Lab2 report
Yimin Gu
PB17000002
File created on 2019.10.9
Last modified 2019.10.15
Main ideas & implementation
The task of lab2 is to generate a syntax tree from C- source file using bison.
The main process:
tokens analyzed from file by flex
|
tokens are given to bison
|
bison does conduction by rules, meanwhile building the tree by actions
|
print the tree, and misc. jobs
As the parser is going to get token stream from result generated by flex, I choose to let flex initialize tree nodes(more precisely, tree leaf tokens), and use bison action rules to generate other nodes and add those leaf tokens to the tree.
I use union which contains a SyntaxTree * node
to share data structure between bison and flex. For each valid token found by flex, a node(leaf) is created. For each rule like A -> B C D
in bison, a node is created for A
, and B
, C
and D
are added as children of A
. So after doing all the reduction, a whole syntax tree is generated, with program
in the first statement containing the tree root.
Shift-reduce conflict in if-else statement
The given syntax about C- contains a shift-reduce conflict (and bison gives a warning):
selection-stmt → if ( expression ) statement |
if ( expression ) statement else statement |
We don’t know whether to shift in else
or reduce using the first part of the rule.
To solve this, we can figure out better rules(maybe adding more statements) or give the shift and reduce an priority. Here I used the method discussed on GitLab(by iBug and Ray-Lei) and stackoverflow: tell the parser to shift in else
when the conflict occurs. And else
will be binded to the closest if
.
After this, the conflict is solved and we can see from the syntax tree that the behavior is same as expected.
Picture: a part of a syntax tree, showing how if() if() else
is parsed.
(Lamed) visualization
To show the procedure of tree-building, the tree should be printed during analysis. I print the tree using the node for the left non-terminal as the tree root. So the tree at the current time is printed, and we can see how the tree grows when more reductions are made. But this is a really lamed solution, because during analysis, the tokens actually form a forest instead of a single tree, and printing the single tree only shows the newly analyzed fraction of the whole picture.

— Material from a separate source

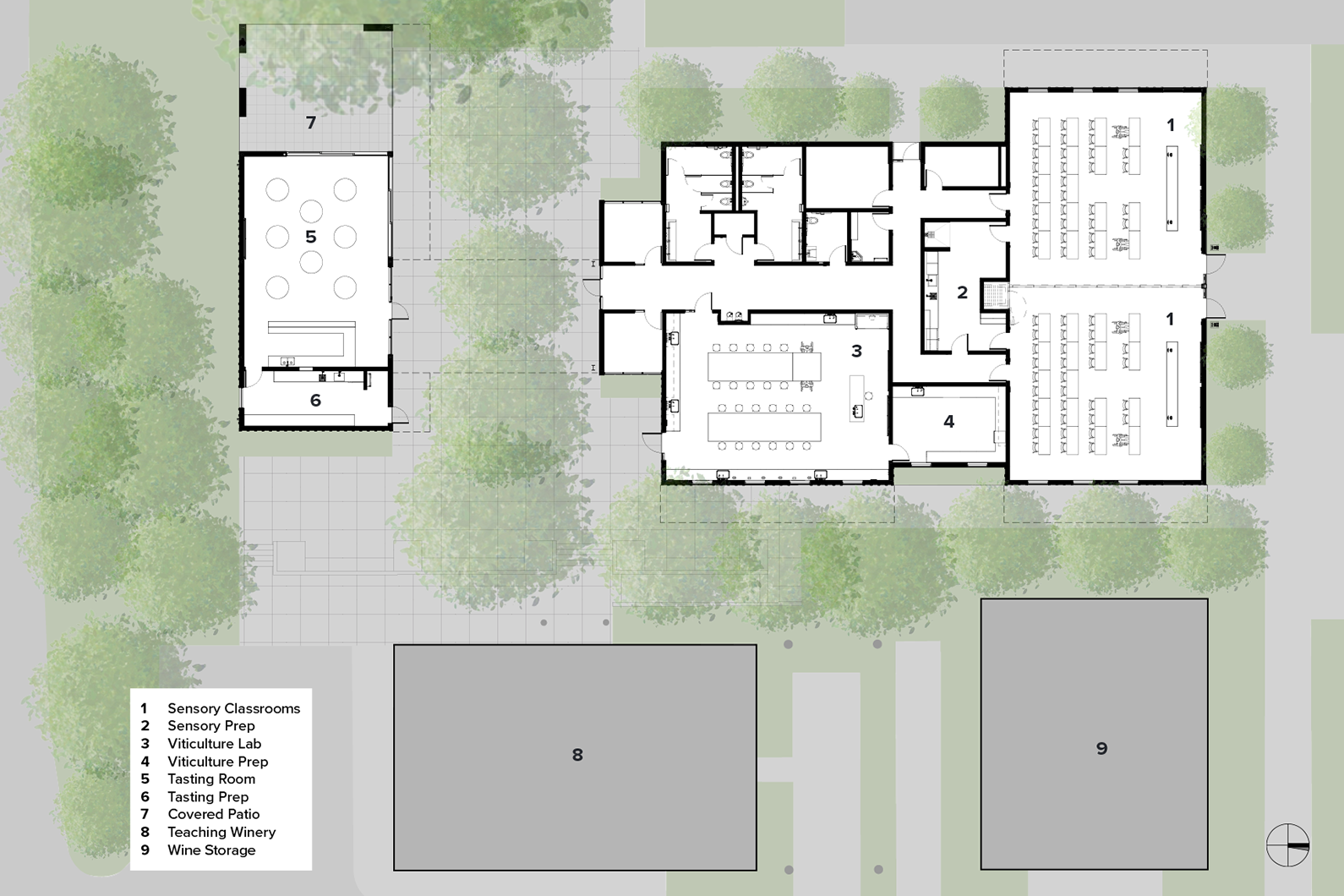Site plan and floor diagram of Napa Valley College Wine Education Center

And how to visualize the tree? I first tried LaTeX, but later find python to be a better tool. I used a package called svgling
which can draw trees. I wrote a function to generate a python script and print those trees in the svgling
format(using a modified function like printSyntaxTreeNode
). Then run the python script in jupyter, and we can see all those(some of them really big) trees. Like the example syntree/trees.ipynb
The result of the final tree is really good, as is shown below.
To avoid messing up with existing code(and output), I defined macros TREE_GEN_TEXT and TREE_GEN_GRAPH, only when these macros are defined will the python scripts be generated.
A shot of the final of the gcd.cminus tree(the original svg picture is more than 6000 pixel in width):
First subtree in gcd:
TODO & further improvement?
(This is solved by introducing an extra function to judge whether LAB1_ONLY is defined and then choose to return token or not.)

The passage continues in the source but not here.